Dataset content

^^^^^^^^^^^^^^^^

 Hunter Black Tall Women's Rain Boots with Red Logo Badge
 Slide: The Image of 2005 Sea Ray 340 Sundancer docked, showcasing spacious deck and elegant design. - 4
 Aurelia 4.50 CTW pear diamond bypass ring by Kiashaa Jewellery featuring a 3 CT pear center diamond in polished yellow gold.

^^^^^^^^^^^^^^^^

Directions for this task
Would you return every line of the data above exactly?

Exercise response
 Hunter Black Tall Women's Rain Boots with Red Logo Badge
 Slide: The Image of 2005 Sea Ray 340 Sundancer docked, showcasing spacious deck and elegant design. - 4
 Aurelia 4.50 CTW pear diamond bypass ring by Kiashaa Jewellery featuring a 3 CT pear center diamond in polished yellow gold.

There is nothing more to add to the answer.